[Exercise prompt]:
Copy each entry as written.

Items from a data source
※

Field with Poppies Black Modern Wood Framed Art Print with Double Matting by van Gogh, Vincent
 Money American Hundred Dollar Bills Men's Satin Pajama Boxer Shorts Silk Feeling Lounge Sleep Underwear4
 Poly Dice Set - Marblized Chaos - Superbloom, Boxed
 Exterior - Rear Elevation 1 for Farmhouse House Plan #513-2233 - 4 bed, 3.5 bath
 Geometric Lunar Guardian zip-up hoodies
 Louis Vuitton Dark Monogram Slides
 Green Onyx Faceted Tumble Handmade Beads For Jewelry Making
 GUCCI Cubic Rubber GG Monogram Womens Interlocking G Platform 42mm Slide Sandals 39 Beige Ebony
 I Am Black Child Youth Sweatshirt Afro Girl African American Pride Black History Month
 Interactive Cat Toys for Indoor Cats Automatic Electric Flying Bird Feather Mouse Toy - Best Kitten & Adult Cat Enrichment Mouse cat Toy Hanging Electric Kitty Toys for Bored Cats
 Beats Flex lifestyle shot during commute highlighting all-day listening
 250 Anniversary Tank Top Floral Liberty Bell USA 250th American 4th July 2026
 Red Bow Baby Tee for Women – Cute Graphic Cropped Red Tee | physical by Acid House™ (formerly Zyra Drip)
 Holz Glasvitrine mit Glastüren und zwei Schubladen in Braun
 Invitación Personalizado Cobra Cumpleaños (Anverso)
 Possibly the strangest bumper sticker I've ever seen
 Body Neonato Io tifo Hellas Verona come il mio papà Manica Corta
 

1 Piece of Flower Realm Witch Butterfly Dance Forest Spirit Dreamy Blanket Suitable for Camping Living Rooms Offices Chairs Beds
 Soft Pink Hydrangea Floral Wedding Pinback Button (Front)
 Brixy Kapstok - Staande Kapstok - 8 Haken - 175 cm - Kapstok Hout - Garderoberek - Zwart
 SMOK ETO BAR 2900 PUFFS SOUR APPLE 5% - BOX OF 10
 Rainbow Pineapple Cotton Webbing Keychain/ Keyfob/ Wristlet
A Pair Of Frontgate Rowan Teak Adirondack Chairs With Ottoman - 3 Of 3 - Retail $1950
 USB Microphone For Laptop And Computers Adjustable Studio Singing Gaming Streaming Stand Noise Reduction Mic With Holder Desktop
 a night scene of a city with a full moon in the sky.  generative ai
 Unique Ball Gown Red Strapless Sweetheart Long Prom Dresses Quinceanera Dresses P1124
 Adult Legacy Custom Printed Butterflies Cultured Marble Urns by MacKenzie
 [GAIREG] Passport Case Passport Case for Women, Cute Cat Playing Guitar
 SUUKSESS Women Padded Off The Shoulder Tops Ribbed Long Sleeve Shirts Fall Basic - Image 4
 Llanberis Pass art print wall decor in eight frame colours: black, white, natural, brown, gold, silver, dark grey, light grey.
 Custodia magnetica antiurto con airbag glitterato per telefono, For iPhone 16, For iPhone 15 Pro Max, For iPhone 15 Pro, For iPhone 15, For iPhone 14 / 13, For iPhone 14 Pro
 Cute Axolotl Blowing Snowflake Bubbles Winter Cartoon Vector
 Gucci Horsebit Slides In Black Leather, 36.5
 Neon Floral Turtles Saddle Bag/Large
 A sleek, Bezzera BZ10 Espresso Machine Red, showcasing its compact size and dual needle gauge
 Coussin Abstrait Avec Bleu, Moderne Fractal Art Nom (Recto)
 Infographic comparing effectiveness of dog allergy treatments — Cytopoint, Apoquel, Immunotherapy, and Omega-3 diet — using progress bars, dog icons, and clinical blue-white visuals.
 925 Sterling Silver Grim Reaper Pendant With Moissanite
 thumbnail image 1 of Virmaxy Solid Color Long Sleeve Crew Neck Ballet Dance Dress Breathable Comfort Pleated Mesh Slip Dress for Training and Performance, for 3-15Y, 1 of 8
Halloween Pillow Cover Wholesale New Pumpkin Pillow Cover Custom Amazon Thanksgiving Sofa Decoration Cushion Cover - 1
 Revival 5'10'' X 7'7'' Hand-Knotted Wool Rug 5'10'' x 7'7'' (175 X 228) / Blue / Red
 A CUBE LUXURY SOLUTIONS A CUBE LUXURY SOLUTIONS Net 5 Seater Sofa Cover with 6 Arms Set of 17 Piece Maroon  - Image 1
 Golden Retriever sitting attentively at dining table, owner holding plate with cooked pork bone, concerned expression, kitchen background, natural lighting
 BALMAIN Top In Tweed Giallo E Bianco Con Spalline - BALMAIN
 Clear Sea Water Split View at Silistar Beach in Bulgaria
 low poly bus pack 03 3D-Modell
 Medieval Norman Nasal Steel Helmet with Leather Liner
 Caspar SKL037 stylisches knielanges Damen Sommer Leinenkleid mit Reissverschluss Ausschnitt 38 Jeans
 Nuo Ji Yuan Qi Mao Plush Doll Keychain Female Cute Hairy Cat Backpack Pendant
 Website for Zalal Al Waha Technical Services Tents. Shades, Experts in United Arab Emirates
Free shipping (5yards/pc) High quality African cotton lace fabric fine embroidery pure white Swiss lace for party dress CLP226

※

[Your response]:
Field with Poppies Black Modern Wood Framed Art Print with Double Matting by van Gogh, Vincent
 Money American Hundred Dollar Bills Men's Satin Pajama Boxer Shorts Silk Feeling Lounge Sleep Underwear4
 Poly Dice Set - Marblized Chaos - Superbloom, Boxed
 Exterior - Rear Elevation 1 for Farmhouse House Plan #513-2233 - 4 bed, 3.5 bath
 Geometric Lunar Guardian zip-up hoodies
 Louis Vuitton Dark Monogram Slides
 Green Onyx Faceted Tumble Handmade Beads For Jewelry Making
 GUCCI Cubic Rubber GG Monogram Womens Interlocking G Platform 42mm Slide Sandals 39 Beige Ebony
 I Am Black Child Youth Sweatshirt Afro Girl African American Pride Black History Month
 Interactive Cat Toys for Indoor Cats Automatic Electric Flying Bird Feather Mouse Toy - Best Kitten & Adult Cat Enrichment Mouse cat Toy Hanging Electric Kitty Toys for Bored Cats
 Beats Flex lifestyle shot during commute highlighting all-day listening
 250 Anniversary Tank Top Floral Liberty Bell USA 250th American 4th July 2026
 Red Bow Baby Tee for Women – Cute Graphic Cropped Red Tee | physical by Acid House™ (formerly Zyra Drip)
 Holz Glasvitrine mit Glastüren und zwei Schubladen in Braun
 Invitación Personalizado Cobra Cumpleaños (Anverso)
 Possibly the strangest bumper sticker I've ever seen
 Body Neonato Io tifo Hellas Verona come il mio papà Manica Corta
 

1 Piece of Flower Realm Witch Butterfly Dance Forest Spirit Dreamy Blanket Suitable for Camping Living Rooms Offices Chairs Beds
 Soft Pink Hydrangea Floral Wedding Pinback Button (Front)
 Brixy Kapstok - Staande Kapstok - 8 Haken - 175 cm - Kapstok Hout - Garderoberek - Zwart
 SMOK ETO BAR 2900 PUFFS SOUR APPLE 5% - BOX OF 10
 Rainbow Pineapple Cotton Webbing Keychain/ Keyfob/ Wristlet
A Pair Of Frontgate Rowan Teak Adirondack Chairs With Ottoman - 3 Of 3 - Retail $1950
 USB Microphone For Laptop And Computers Adjustable Studio Singing Gaming Streaming Stand Noise Reduction Mic With Holder Desktop
 a night scene of a city with a full moon in the sky.  generative ai
 Unique Ball Gown Red Strapless Sweetheart Long Prom Dresses Quinceanera Dresses P1124
 Adult Legacy Custom Printed Butterflies Cultured Marble Urns by MacKenzie
 [GAIREG] Passport Case Passport Case for Women, Cute Cat Playing Guitar
 SUUKSESS Women Padded Off The Shoulder Tops Ribbed Long Sleeve Shirts Fall Basic - Image 4
 Llanberis Pass art print wall decor in eight frame colours: black, white, natural, brown, gold, silver, dark grey, light grey.
 Custodia magnetica antiurto con airbag glitterato per telefono, For iPhone 16, For iPhone 15 Pro Max, For iPhone 15 Pro, For iPhone 15, For iPhone 14 / 13, For iPhone 14 Pro
 Cute Axolotl Blowing Snowflake Bubbles Winter Cartoon Vector
 Gucci Horsebit Slides In Black Leather, 36.5
 Neon Floral Turtles Saddle Bag/Large
 A sleek, Bezzera BZ10 Espresso Machine Red, showcasing its compact size and dual needle gauge
 Coussin Abstrait Avec Bleu, Moderne Fractal Art Nom (Recto)
 Infographic comparing effectiveness of dog allergy treatments — Cytopoint, Apoquel, Immunotherapy, and Omega-3 diet — using progress bars, dog icons, and clinical blue-white visuals.
 925 Sterling Silver Grim Reaper Pendant With Moissanite
 thumbnail image 1 of Virmaxy Solid Color Long Sleeve Crew Neck Ballet Dance Dress Breathable Comfort Pleated Mesh Slip Dress for Training and Performance, for 3-15Y, 1 of 8
Halloween Pillow Cover Wholesale New Pumpkin Pillow Cover Custom Amazon Thanksgiving Sofa Decoration Cushion Cover - 1
 Revival 5'10'' X 7'7'' Hand-Knotted Wool Rug 5'10'' x 7'7'' (175 X 228) / Blue / Red
 A CUBE LUXURY SOLUTIONS A CUBE LUXURY SOLUTIONS Net 5 Seater Sofa Cover with 6 Arms Set of 17 Piece Maroon  - Image 1
 Golden Retriever sitting attentively at dining table, owner holding plate with cooked pork bone, concerned expression, kitchen background, natural lighting
 BALMAIN Top In Tweed Giallo E Bianco Con Spalline - BALMAIN
 Clear Sea Water Split View at Silistar Beach in Bulgaria
 low poly bus pack 03 3D-Modell
 Medieval Norman Nasal Steel Helmet with Leather Liner
 Caspar SKL037 stylisches knielanges Damen Sommer Leinenkleid mit Reissverschluss Ausschnitt 38 Jeans
 Nuo Ji Yuan Qi Mao Plush Doll Keychain Female Cute Hairy Cat Backpack Pendant
 Website for Zalal Al Waha Technical Services Tents. Shades, Experts in United Arab Emirates
Free shipping (5yards/pc) High quality African cotton lace fabric fine embroidery pure white Swiss lace for party dress CLP226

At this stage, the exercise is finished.